In a packed room at the Ballard Convention Center on Tuesday, Feb. 23, locals listened to how a bourbon distillery could play into the economic growth of Hopkins County.
Garrigan Building and Construction sponsored the event for the Hopkins County Regional Chamber of Commerce because they are interested in seeing business and the population prosper locally, said owner David Garrigan.
“We are trying to provide something new and different for people in the county, and we want to tag on and help other businesses do the same thing,” he said.
Hopkins County has some great locations, the right infrastructure and access to the interstate that combine to make it an ideal location for a distillery, said Garrigan.
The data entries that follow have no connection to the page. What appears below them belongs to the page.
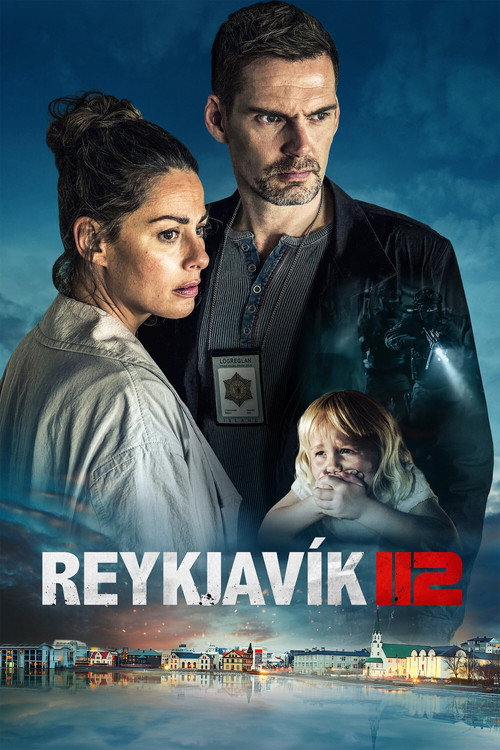 Reykjavik 112 official trailer poster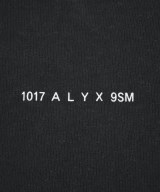 ALYX（アリクス）Tシャツ・カットソー 黒 サイズ:M メンズ/2200677835204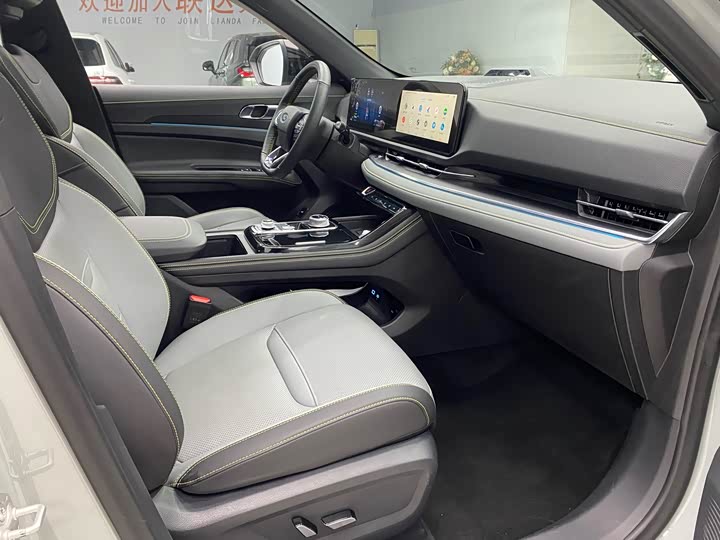 Ford Equator Sport Hybrid 2025 2025款 尊领型PLUS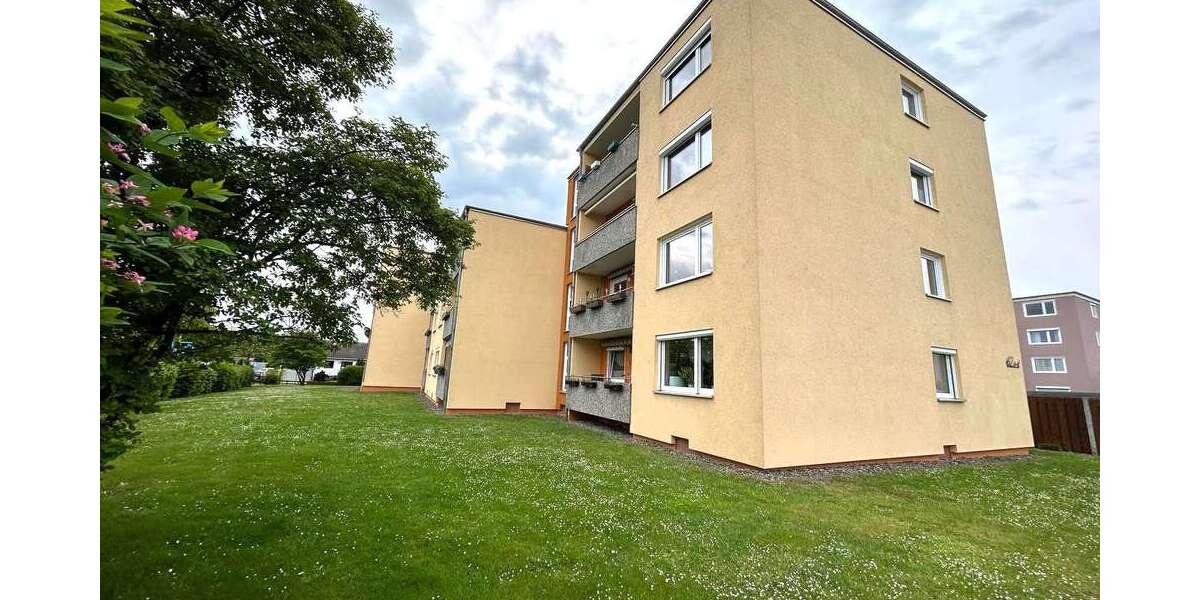 Etagenwohnung Braunschweig Wabe-Schunter-Beberbach - 3 Zimmer, 77 m&sup2;, 210.000&euro; | Angebot:26704460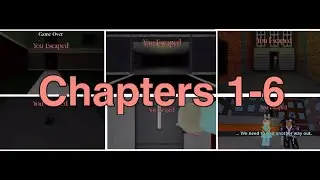 How to Escape in Piggy! (Chapter 1-6)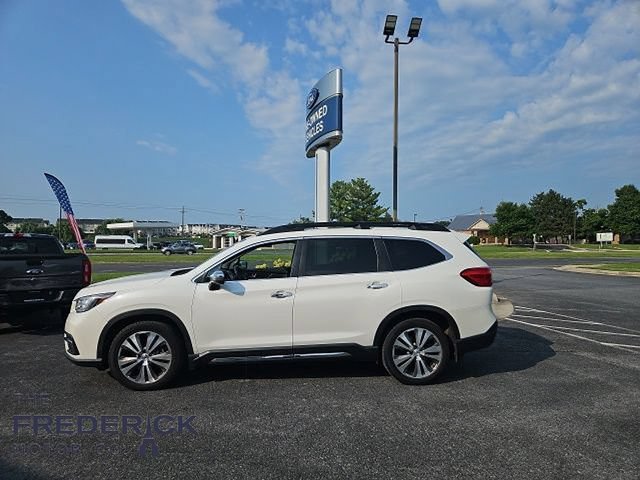 Used 2019 Subaru Ascent Touring w/ Popular Package #3 AWD/4WD image 1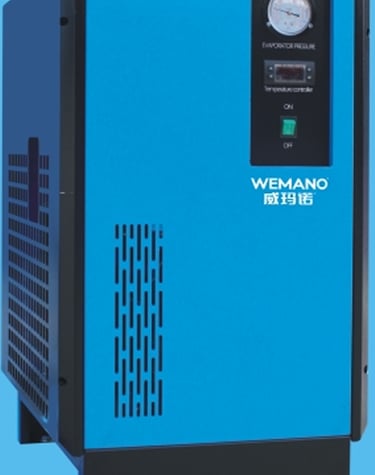 Air compressor dryer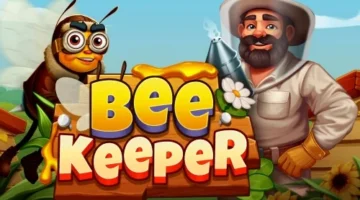 Bee Keeper Spielautomat (Pragmatic Play) Review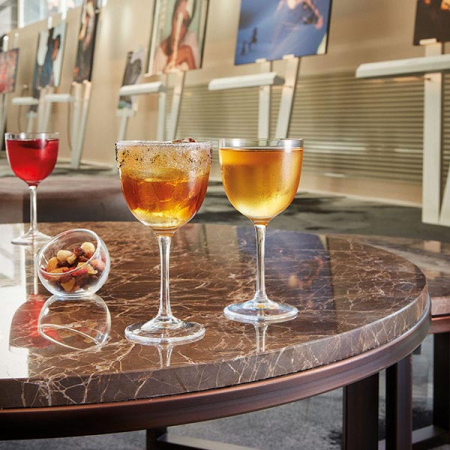 Бокал для вина и коктейля Ник&Нора диаметр 7 см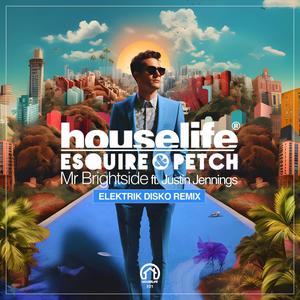 Mr Brightside (feat. Justin Jennings) (Elektrik Disko Radio Edit)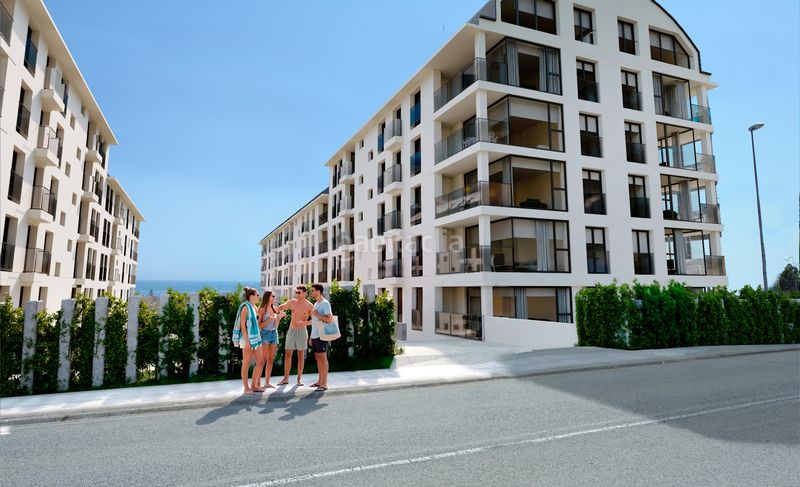 Foto a7f6a98b-9c92-439c-aa7c-68ca8f1b521f. Piso 97m<sup>2</sup> en avenida bellavista 20 piso de 3 dormitorios de nueva construcción en san ciprián en Cervo
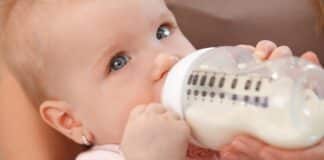 Les bienfaits du lait bébé pour la croissance et le développement
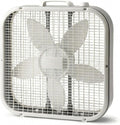 Generic 20-Inch Weather-Resistant Box Fan – 3-Speed High Velocity Air Circulator for Window, product image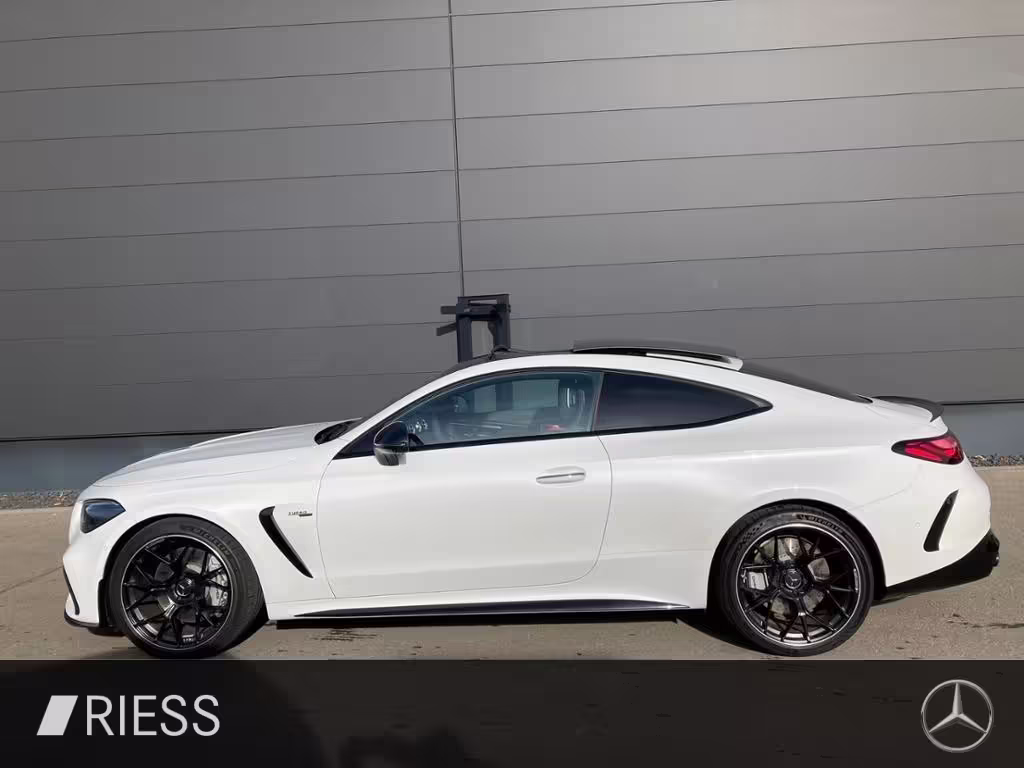 Mercedes-Benz CLE 53 AMG 4M+ Cp PANO BURM HUD DISTR MEMO DIGIT CLE 53 AMG - Bild 6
Peg Hayes, co-founder of Casey Jones Distillery in Hopkinsville, and Kim Bard, co-founder of The Bard Distillery in Graham, gave a presentation on how they started in the distillery business and how owning a distillery has affected tourism in their communities.
The Casey Jones Distillery started in 2014 after Hayes and her husband, A.J., decided to carry on a family tradition. Casey Jones, A.J.’s grandfather, was the premiere illegal still production builder of Land Between the Rivers, now Land Between the Lakes, from the 1920s to the 1950s.
“He probably built over 350 illegal production stills,” said Hayes.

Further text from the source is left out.